▶ **Aim of the exercise**
Extract the records below word for word and ignore the images.

▶ **Available data**
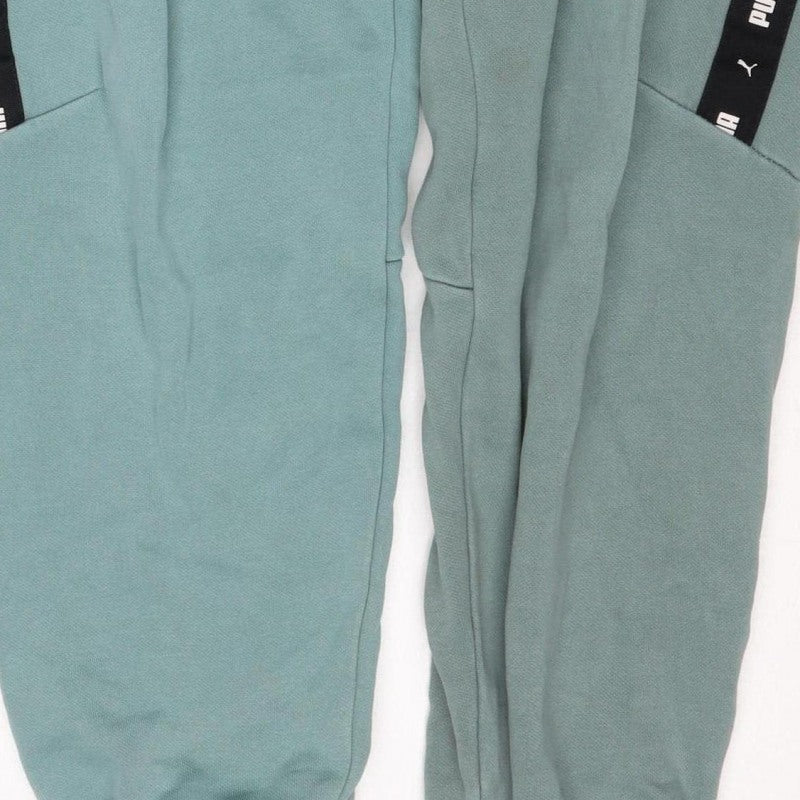 Puma Boys Green Track Pants 13-14 Years Cotton Blend Logo Tape Joggers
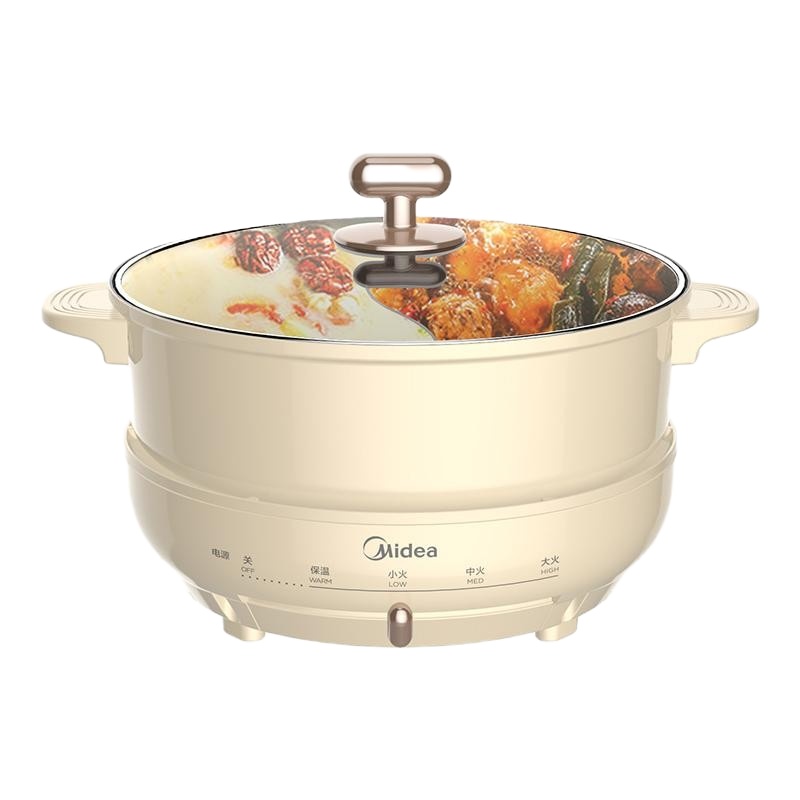 美的(Midea)电火锅鸳鸯锅电热锅保温分离式家用4L不粘锅DH2602Y浅黄色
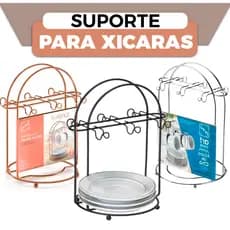 Suporte Porta Xícara Organizador Cozinha Armario até 6 Xícaras Aço Cromado Rose e Preto Arthi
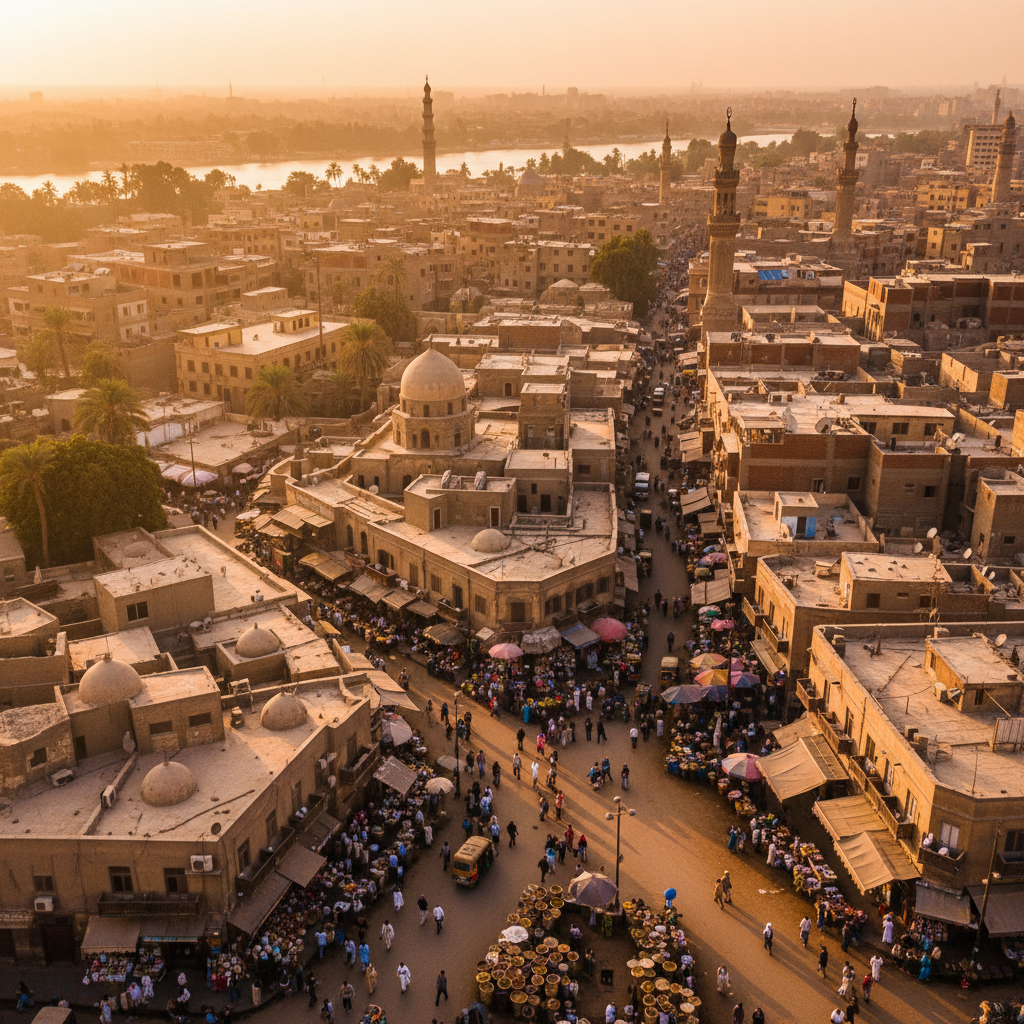 overhead view of Cairo street life bustling with people and shops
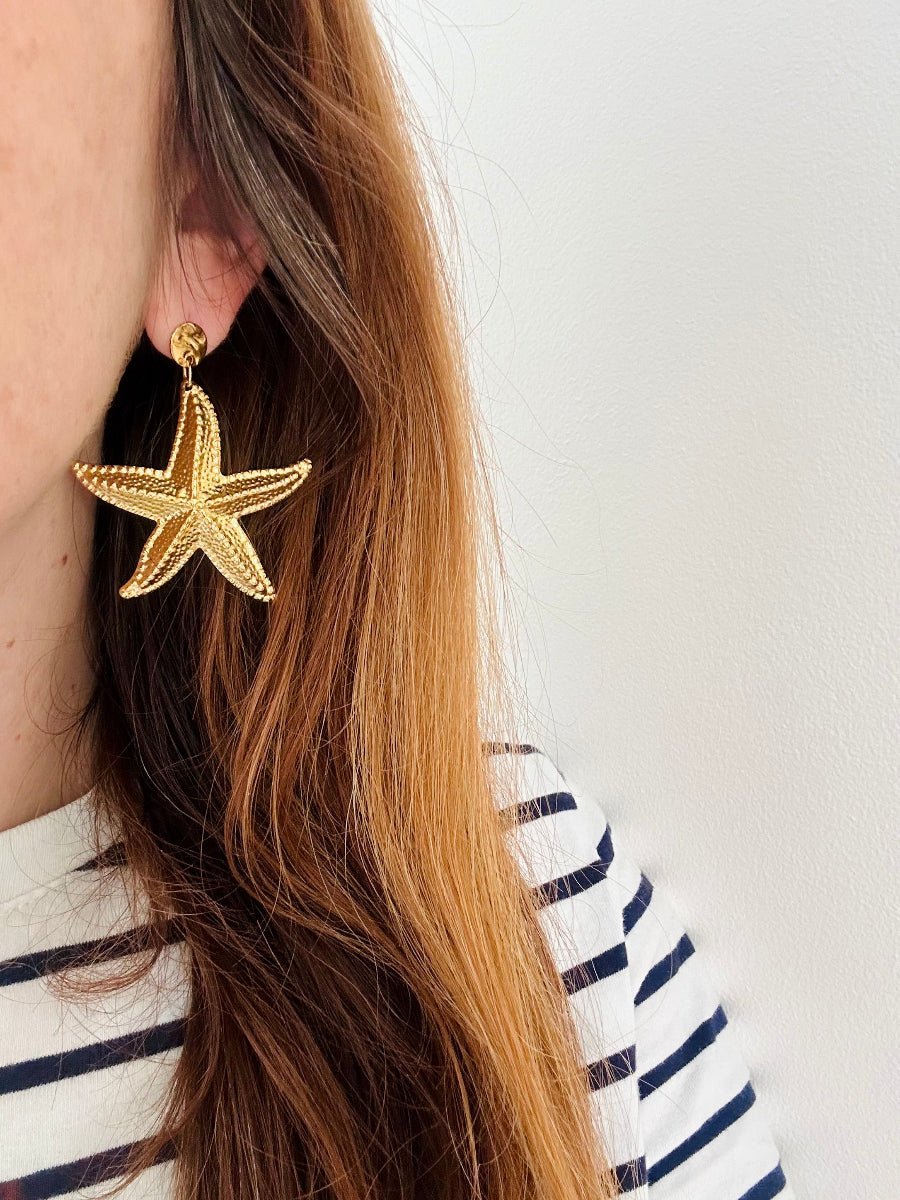 Boucles d’oreilles OCÉANE – pendants étoile de mer en acier inoxydable doré - Camilmari Bijoux - 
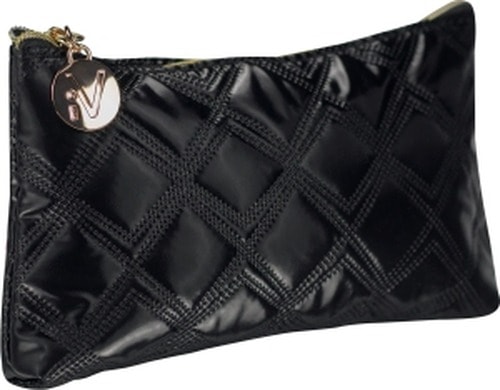 Inter-V Cosmetic Bag Black and Gold 18x11x2 cm - perfect for travel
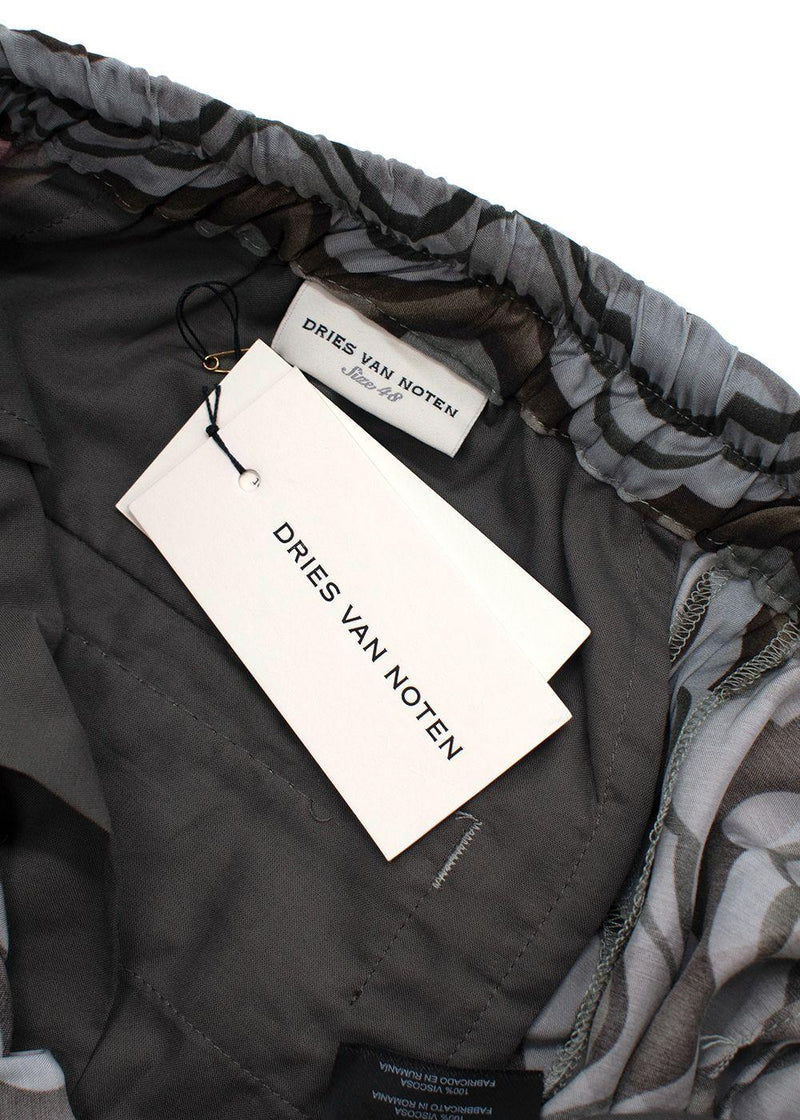 Dries Van Noten Geometric Print Contrast Stripe Joggers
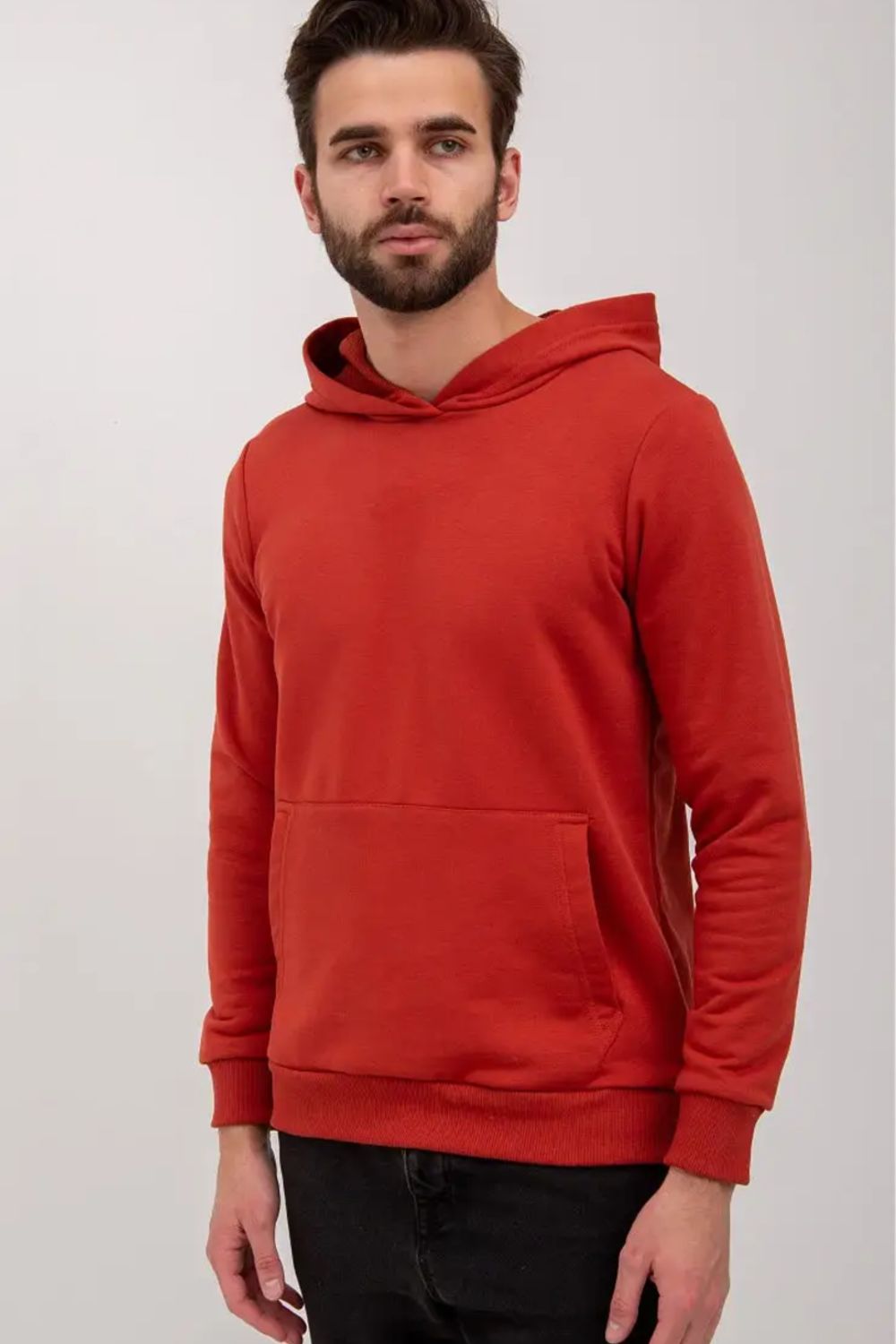 Худи мужское футер петля, Арт. 1037 - оранжевый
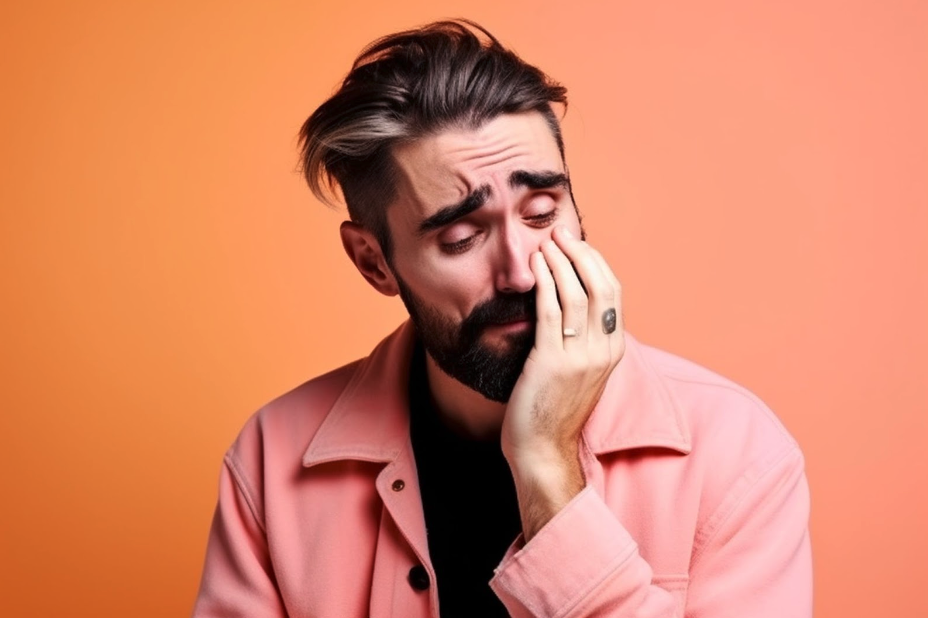 Depressed Man Crying, Wiping Away Tears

▶ **Answer for this exercise**
 Puma Boys Green Track Pants 13-14 Years Cotton Blend Logo Tape Joggers
 美的(Midea)电火锅鸳鸯锅电热锅保温分离式家用4L不粘锅DH2602Y浅黄色
 Suporte Porta Xícara Organizador Cozinha Armario até 6 Xícaras Aço Cromado Rose e Preto Arthi
 overhead view of Cairo street life bustling with people and shops
 Boucles d’oreilles OCÉANE – pendants étoile de mer en acier inoxydable doré - Camilmari Bijoux - 
 Inter-V Cosmetic Bag Black and Gold 18x11x2 cm - perfect for travel
 Dries Van Noten Geometric Print Contrast Stripe Joggers
 Худи мужское футер петля, Арт. 1037 - оранжевый
 Depressed Man Crying, Wiping Away Tears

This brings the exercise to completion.